*RECORDS FOR THIS TASK*
--- START ---

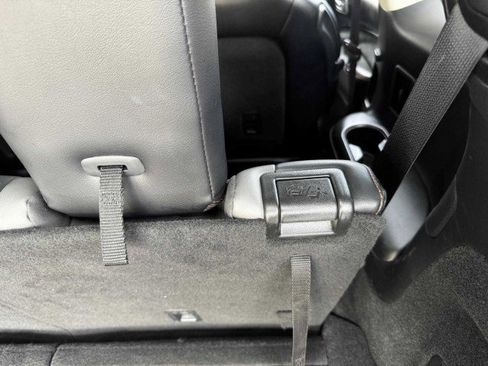 Used 2020 Nissan Pathfinder SL image 70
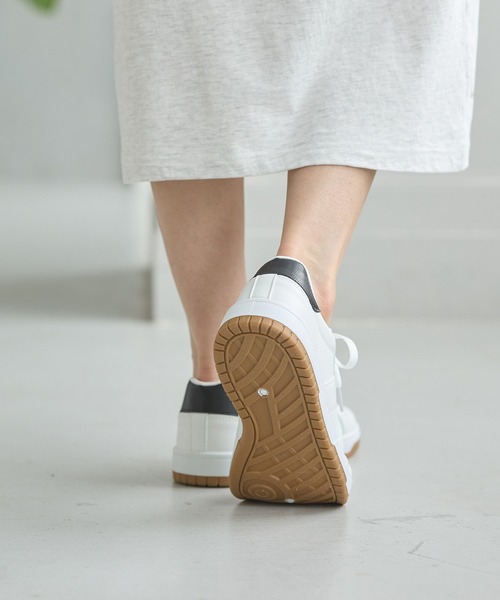 Honeys(ハニーズ)の「シンプルコートスニーカー(スニーカー・レディース・ブラック/ホワイト/ホワイト×ブラック・LL/S/M/L)」の18枚目の写真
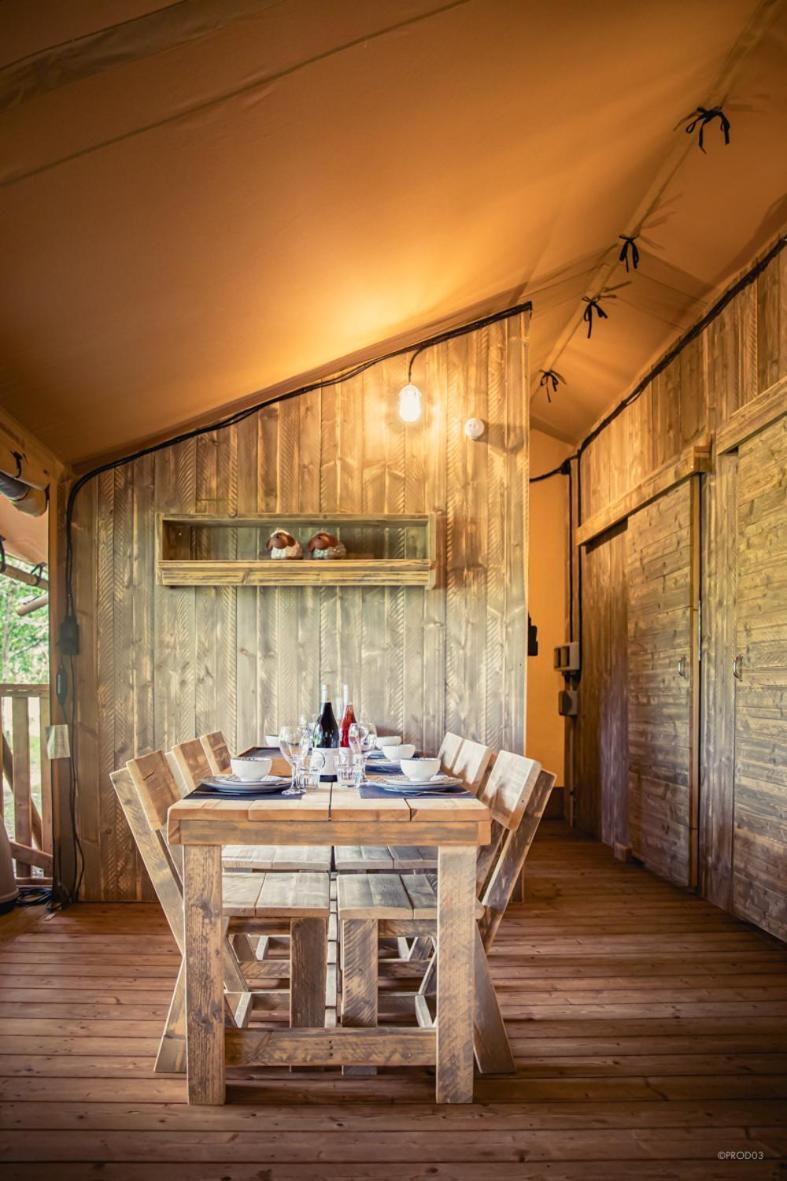 Tente Lodge Jacuzzi Privatif En Pleine Nature Thiel-sur-Acolin 외부 사진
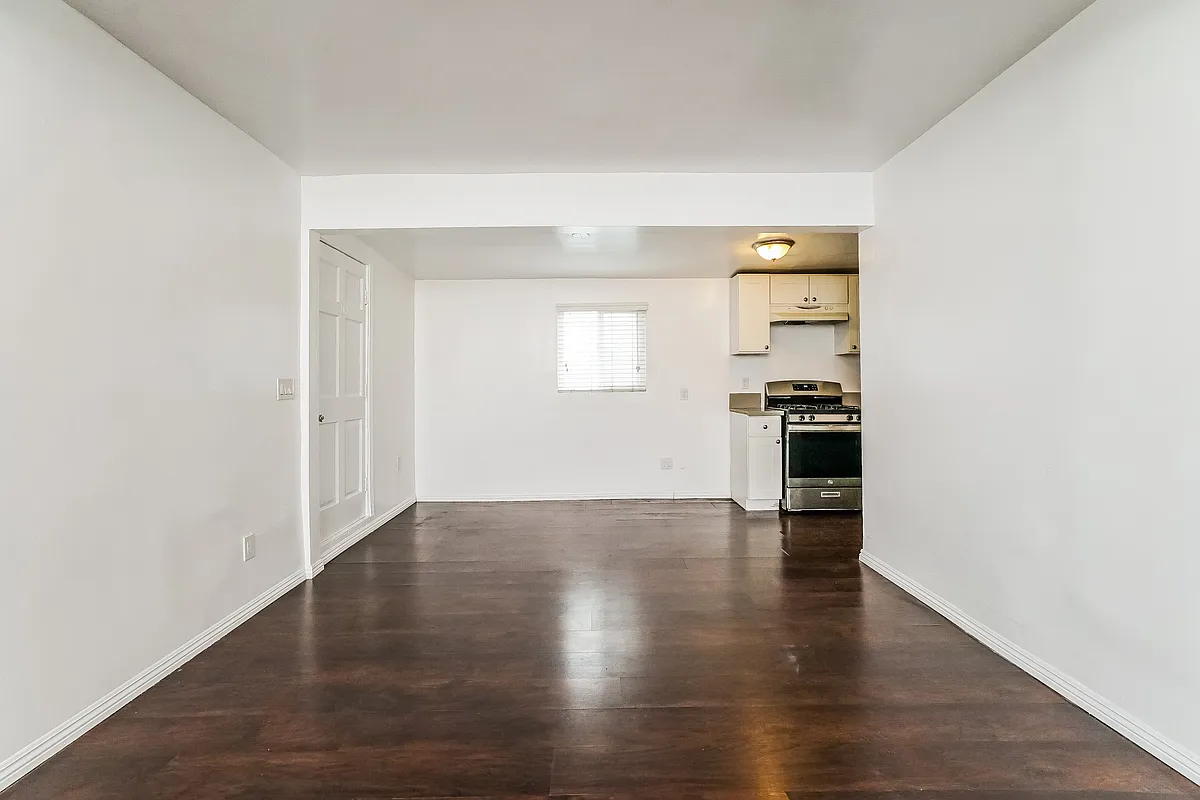 Building Photo - 903 E Colden Ave
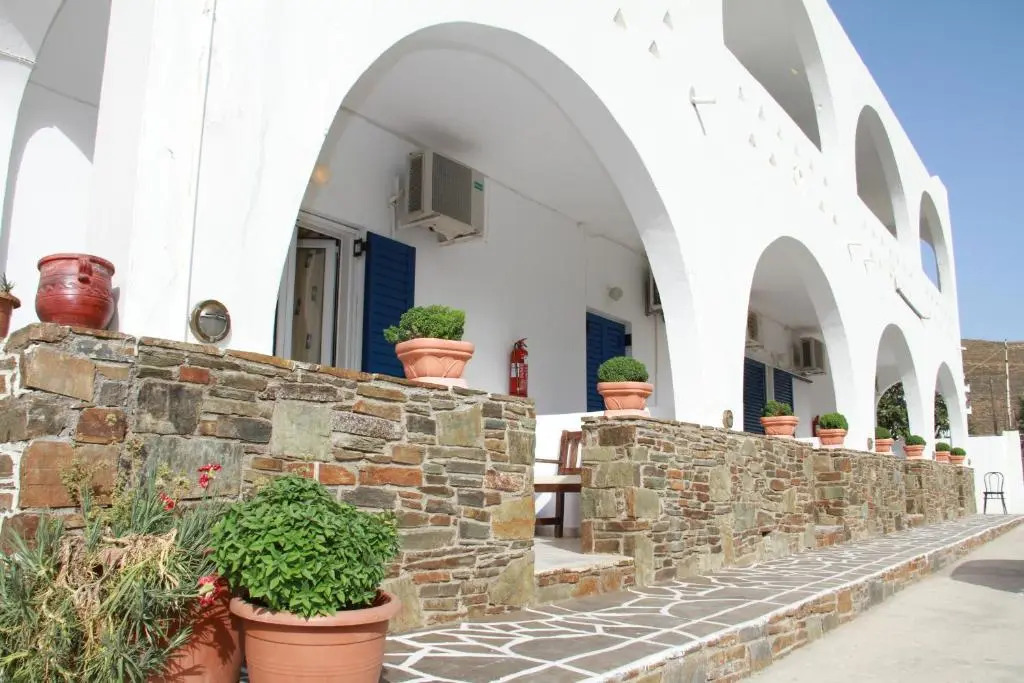 Tzamaros Studios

--- END ---

*ASSIGNMENT*
All of the material shown above needs to be duplicated exactly. Omit every picture.

*EXERCISE SOLUTION*
 Used 2020 Nissan Pathfinder SL image 70
 Honeys(ハニーズ)の「シンプルコートスニーカー(スニーカー・レディース・ブラック/ホワイト/ホワイト×ブラック・LL/S/M/L)」の18枚目の写真
 Tente Lodge Jacuzzi Privatif En Pleine Nature Thiel-sur-Acolin 외부 사진
 Building Photo - 903 E Colden Ave
 Tzamaros Studios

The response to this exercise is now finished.